EX-99.(A)(1)(XIV) 6 dex99a1xiv.htm FORM OF LETTER TO BROKERS DEALERS COMMERCIAL BANKS TRUST COMPANIES & OTHER NOMIN Form of Letter to Brokers Dealers Commercial Banks Trust Companies & Other Nomin

Exhibit (a)(1)(xiv)

 

LOGO

 

Amended and Restated

Offer to Purchase for Cash

All Outstanding Shares of Common Stock

(Including the Associated Preferred Stock Purchase Rights)

of

PEOPLESOFT, INC.

at

$26.00 Net Per Share

by

PEPPER ACQUISITION CORP.

a wholly owned subsidiary of

ORACLE CORPORATION

 

February 12, 2004

 

To Brokers, Dealers, Commercial Banks, Trust Companies and Other Nominees:

 

We have been appointed by Pepper Acquisition Corp. (the “Purchaser”), a Delaware corporation and a wholly owned subsidiary of Oracle Corporation, a Delaware Corporation, to act as Dealer Manager in connection with its offer to purchase all outstanding shares of common stock, par value $0.01 per share, and the associated preferred stock purchase rights (together, the “Shares”), of PeopleSoft, Inc., a Delaware corporation (the “Company”), at $26.00 per Share, net to the seller in cash, upon the terms and subject to the conditions set forth in the Purchaser’s Amended and Restated Offer to Purchase dated February 12, 2004, and the related Amended and Restated Letter of Transmittal (which, together with any amendments or supplements thereto, collectively constitute the “Offer”).

 

The Amended and Restated Offer to Purchase amends and restates the original and interim Offer to Purchase dated June 9, 2003 and July 24, 2003 (collectively, the “Original Offer to Purchase”), and the Amended and Restated Letter of Transmittal amends and restates the original and interim Letter of Transmittal related thereto (collectively, the “Original Letter of Transmittal”).

 

For your information and for forwarding to your clients for whom you hold Shares registered in your name or in the name of your nominee, we are enclosing the following documents:

 

  1.   Amended and Restated Offer to Purchase dated February 12, 2004;

 

  2.   Amended and Restated Letter of Transmittal, including a Substitute Form W-9, for your use and for the information of your clients;

 

  3.   Amended and Restated Notice of Guaranteed Delivery to be used to accept the Offer if the Shares and all other required documents cannot be delivered to American Stock Transfer & Trust Company, the Depositary for the Offer, by the expiration of the Offer;

 

  4.   A form of letter which may be sent to your clients for whose accounts you hold Shares registered in your name or in the name of your nominee, with space provided for obtaining such clients’ instructions with regard to the Offer;

 

  5.   Guidelines for Certification of Taxpayer Identification Number on Substitute Form W-9 providing information relating to backup federal income tax withholding; and

 

  6.   Return envelope addressed to the Depositary.

 

WE URGE YOU TO CONTACT YOUR CLIENTS AS PROMPTLY AS POSSIBLE.

 

THE OFFER AND WITHDRAWAL RIGHTS EXPIRE AT 12:00 MIDNIGHT, NEW YORK CITY TIME, ON FRIDAY, MARCH 12, 2004, UNLESS THE OFFER IS EXTENDED.
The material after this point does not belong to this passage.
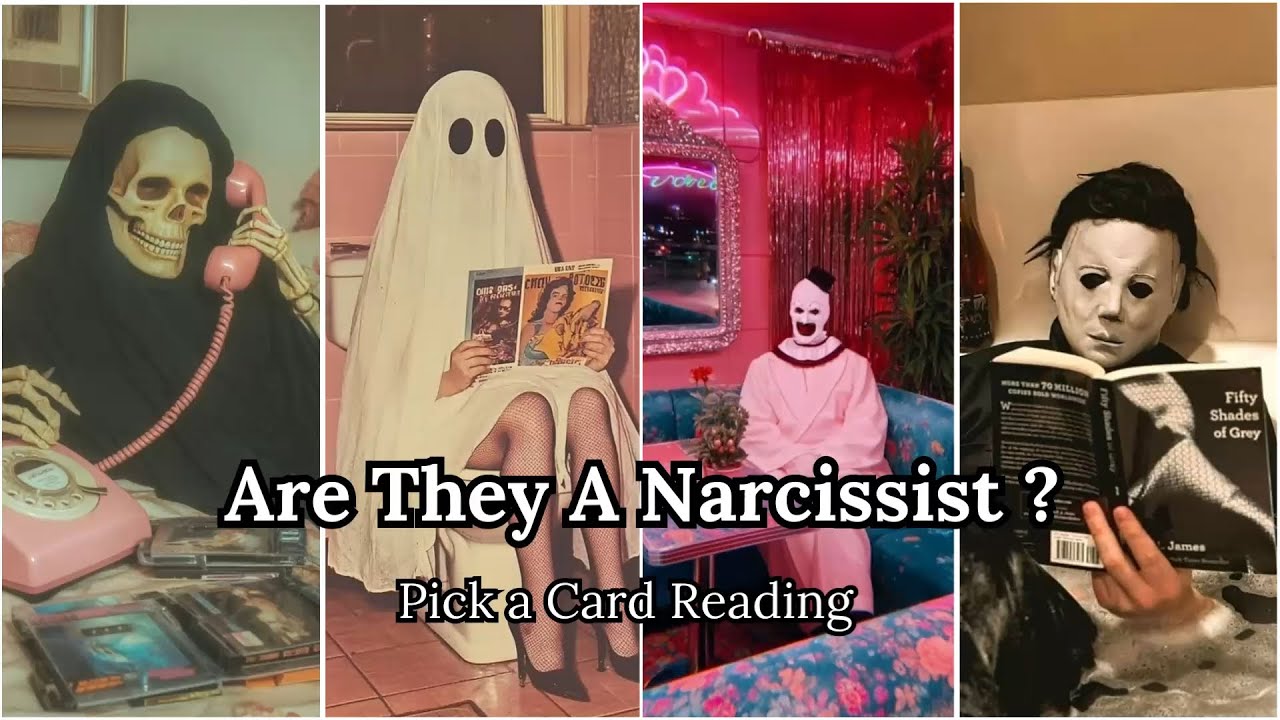 Выберите карту — нарцисс ли он?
The Purchaser will not pay any fees or commissions to any broker, dealer or other person (other than the Dealer Manager, the Information Agent or the Depositary as described in the Amended and Restated Offer to Purchase) for soliciting tenders of Shares pursuant to the Offer. The Purchaser will, however, upon request, reimburse brokers, dealers, banks and trust companies for reasonable and necessary costs and expenses incurred by them in forwarding materials to their customers. The Purchaser will pay all stock transfer taxes applicable to its purchase of Shares pursuant to the Offer, subject to Instruction 6 of the Letter of Transmittal.

 

In order to accept the Offer a duly executed and properly completed Amended and Restated Letter of Transmittal and any required signature guarantees, or an Agent’s Message (as defined in the Amended and Restated Offer to Purchase) in connection with a book-entry delivery of Shares, and any other required documents, should be sent to the Depositary by 12:00 Midnight, New York City time, on Friday, March 12, 2004.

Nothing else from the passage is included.